29 . Article 390 § 4 provides that a bona fide purchaser is entitled to claim from the owner of a recovered property the cost of improvements he or she made to that property, if those improvements cannot be separated from the property .

30 . Section 5 of the Act, as worded at the material time, provided, inter alia , that a notary was obliged to facilitate the exercise by individuals of their rights and protection of their interests, and to refuse to perform a notarial act if it was not in conformity with domestic law or international treaties.

31 . Section 43 provided that in performing a notarial act a notary was obliged to check the identity of an individual or his or her representative, who requested the performance of the notarial act. Such identification was to be done by passport or other documents, which would exclude any doubts as to the identity of the relevant individual.

32 . Section 45 provided, inter alia , that in notarising a deed a notary was obliged to check the authenticity of the signatures of its participants and other persons who requested the performance of a notarial act.

33 . This Regulation (“the 2002 Regulation”; adopted on 7 February 2002; lost force on 14 December 2012), as worded at the material time, set out the procedure for registration of rights to real property in Ukraine and provided that it was aimed at ensuring the recognition and protection of such rights (section 1.1). The registration of real-property rights was compulsory and was carried out by bureaux of technical inventory (communal enterprises) and their registrars (sections 1.3 and 1.5). At its core, a BTI registrar made an entry in the register of real-property rights following the emergence, existence or termination of such rights (section 1.4). The register was maintained by the Ministry of Justice (section 1.9). In registering real-property rights the BTI registrar was obliged to establish the conformity of the claimed rights and submitted documents with legal requirements as well as the absence of contradictions between the claimed and already registered rights to real property or of other grounds for refusing the registration of such rights, following which he or she adopted a decision on the registration or refusal of the registration of real-property rights (section 3.1).
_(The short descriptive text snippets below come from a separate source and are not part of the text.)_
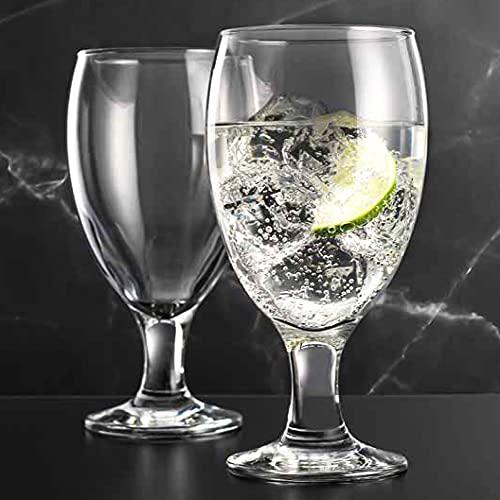 Epure Cremona Collection 4 Piece Water Goblet Glass Set - Strong Stemmed  Glasses For Drinking Water, Juice, Wine, Mixed Drinks, and Cocktails (Water  Goblet (13.5 oz)) 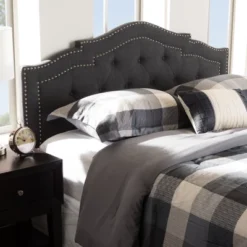 Queen Edith Modern And Contemporary Fabric Headboard Dark Gray - Baxton Studio 7 Queen Edith Modern And Contemporary Fabric Headboard Dark Gray - Baxton Studio -DreamNest Store GUEST 474543b7 d9d6 4456 861e 348621f6a173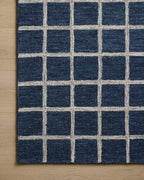 Loloi Chris Loves Julia X Polly Navy/Silver 8'-6'' X 11'-6'' Area Rug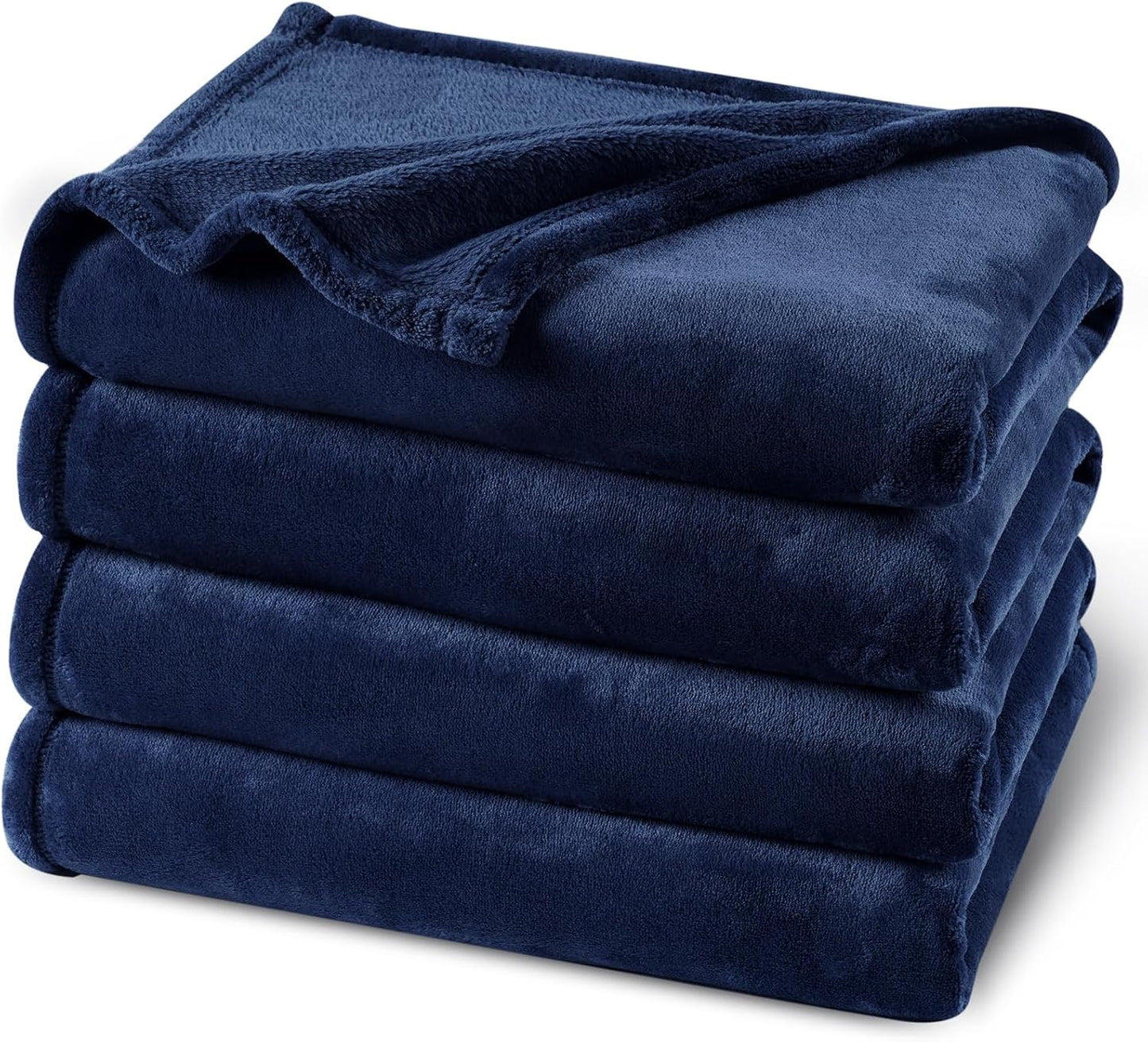 PHF Ultra Soft Fleece Blanket Twin Size, No Shed No Pilling Luxury Plush Cozy 300GSM Lightweight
34 . On 1 July 2004 Parliament adopted the State Registration of Real Property Rights Act, which defined the State registration of real-property rights as an official recognition and confirmation by the State of the facts of emergence, transfer or termination of such rights by way of making a relevant entry in the register (section 2). On 11 February 2010 the Act was amended to provide that the State guaranteed the veracity of the registered real-property rights (section 3). On 1 January 2016 the Act was amended again to provide that the State guaranteed the objectivity, veracity and completeness of the data concerning registered real-property rights (section 3).

35 . On 17 May 2004 the 2002 Regulation was amended to the effect that the words “registration of real-property rights” contained in its title and text were amended into “State registration of real-property rights”. On 28 July 2010 it was further amended. In particular, it contained the same definition of the State registration of the real-property rights as that in the 2004 Act.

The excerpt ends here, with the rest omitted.